We were surrounded by a college campus. And by we, I mean the students and teachers of a school named P.A.C.E.
The views were scenic and the driveway was long with a wooden fence at the sides to keep the horses in. The classrooms were sectioned off by cheap dividers and half-walls. There was no cafeteria or gymnasium. There was no school pride or pep rallies for school teams. There was nothing but bleeding-heart teachers that believed they could help and the refused students that never wanted their help in the first place.
By refused, I mean students that were refused from anyplace else. I mean the students that refused to conform and produce in normal classroom surroundings. Each of us (and by us, I mean the kids in the classrooms) were thrown out of our local schools.

We were removed for our environment and drug-accused behavior. Some were removed due to outbursts in their previous schools; I was removed because I took too much LSD and flipped out on a substitute teacher named Mr. Rowley.

They removed me from my environment; however, they did not remove me from myself. And since my discomforts and unsatisfied feelings remained, and since drugs were easily found, I placed two paper tablets on my tongue a few hours before leaving on the afternoon bus to my vocational school.

The LSD took hold by the time my lunch period was finished. I began to hear the imaginary sound of bells and whistles ringing in my ears. Next was the visions of fireworks exploding behind the walls of my eyelids.
Then my stomach began to turn; it turned more so with mescaline, but LSD had a similar effect. Both hallucinogens left me with a nervous feeling inside my stomach. But with either brand, I felt my adrenaline intensify, or better, I felt my adrenaline detach as I entered into a distorted version of myself.

In the beginning stages, I felt an uncontrollable smile, followed by and insane flow of unstoppable laughter. I became all too aware of my surroundings. I noticed every flaw and imperfection. I noticed the bizarre and pronounced features of people’s faces.
Then I felt aware of my own imperfections…..and this is where the paranoia set in.

I had one class before heading off to the trade school. I think it was math…
I sat in the back of the classroom to avoid attention, however, the far out expression on my face was clear and obvious.
My pupils were large and my eyes were slivered into puffy almond shapes with red veins blushing through the whites of my eyeballs.
My face was red and my confusion was blatant. There was no hiding what I did….but yet…the school’s staff never said anything.
The teacher for this class was short with short curly hair.
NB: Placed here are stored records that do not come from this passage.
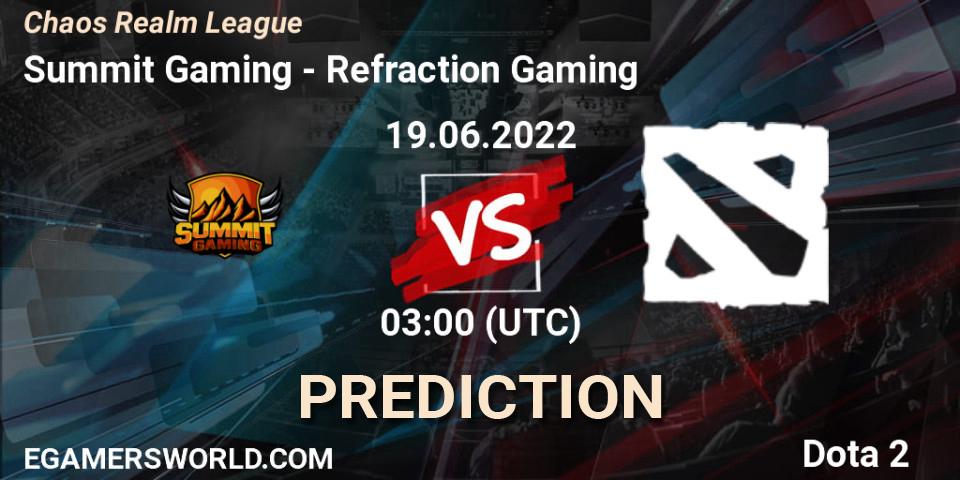Summit Gaming - Refraction Gaming: ennuste. 18.06.2022 at 03:26, Dota 2, Chaos Realm League 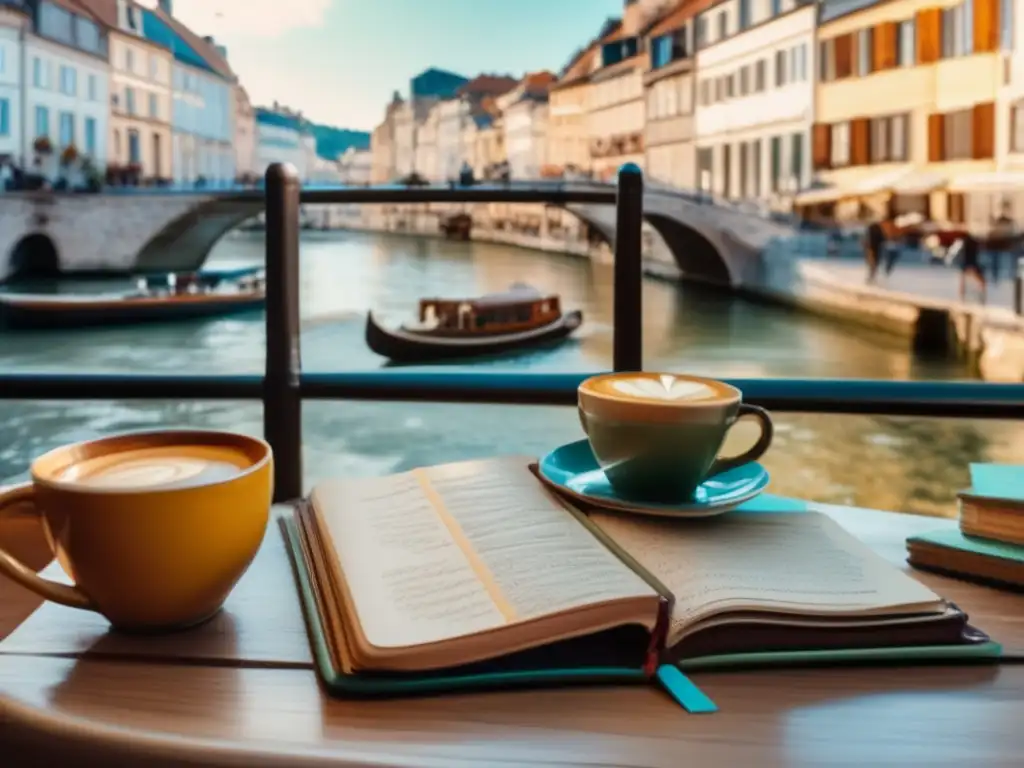 Viajero documentando historia familiar Herramientas para viaje genealógico seguro en ciudad europea con notas, escáner portátil y café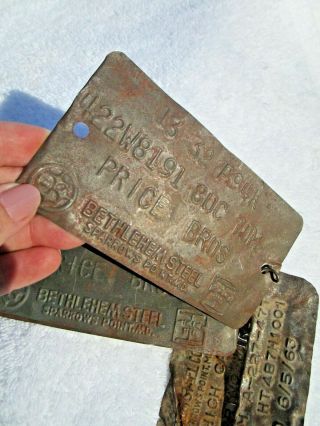 1963 BETHLEHEM STEEL,  SPARROWS POINT,  MARYLAND - 4 Vintage Factory Tags,  WIRE 7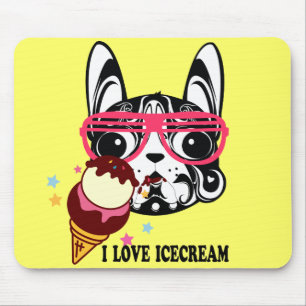 hond van de hond icecream sunglass mousepad muismat
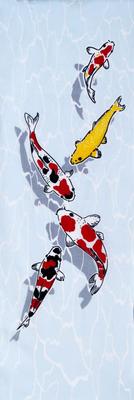 Anbo Dyeing Hand Towel "Nishikigoi On the Water Surface" Authentic Dyed 100% Cotton Tokuoka, Made In Japan, 35cm X 100cm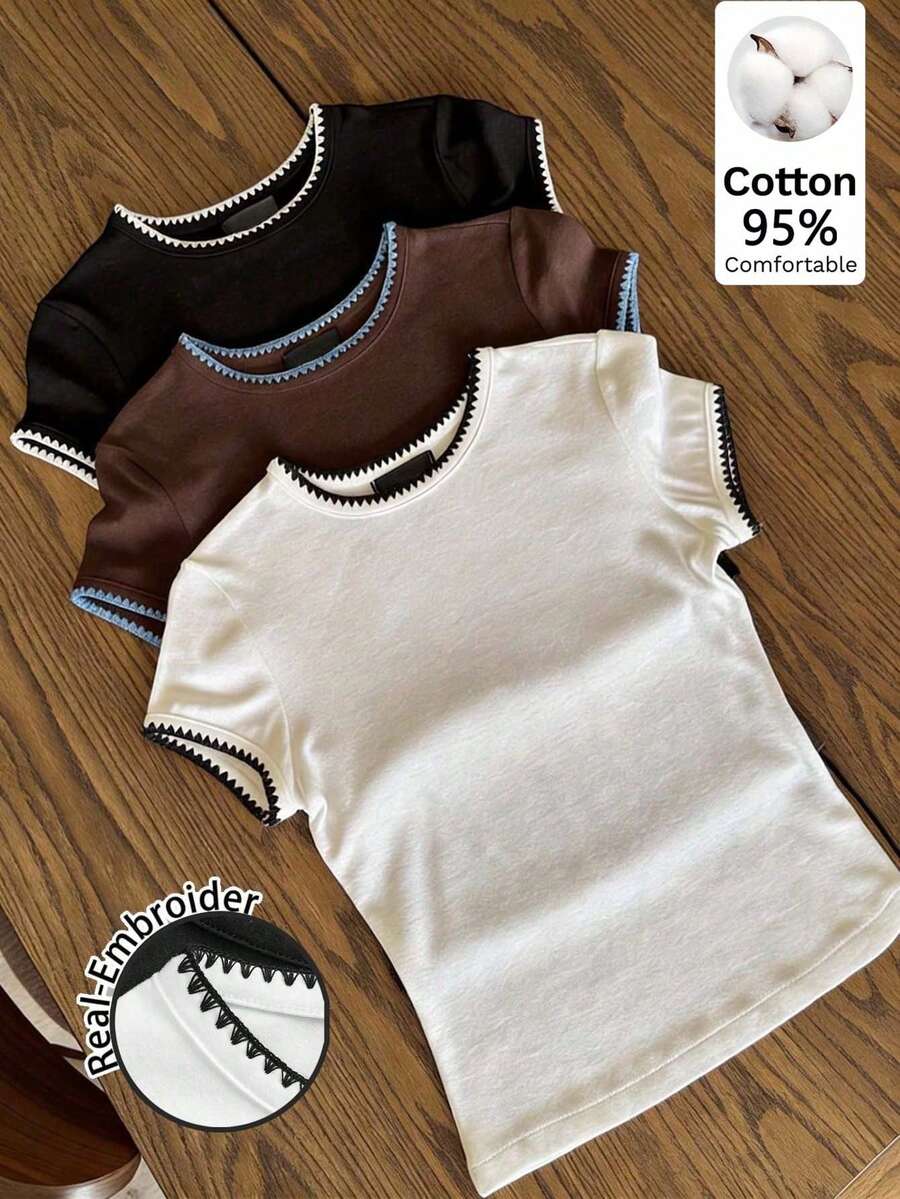 SHEIN EZwear 3件組女款休閒白色與棕色對比色T恤,時尚夏季日常舒適棉質上衣,度假搭配必備 - 彩色 - 查看 1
She was troll-like and her voice was high-pitched. During sober moments I found her to be odd looking, but add the amounts of LSD, and her looks became worse.

I thought to myself, “I got to get out of here!”
I wanted to leave, but in a classroom so small and mostly empty, there was no way for me to slip out without being noticed. Instead,  I excused myself to the small, one toilet, one sink bathroom, and I hid there for the remainder of class.

By this time, the affects from the drug were in full swing. I saw lines behind every moving object. I called these trails because everything that moved left a trail behind itself.
I loved these visions, but they came too strong, and I was not in the right place to enjoy them. I wished I were anyplace else. Instead, I was handling my temporary case of schizophrenia  and riding on a short bus to my trade school.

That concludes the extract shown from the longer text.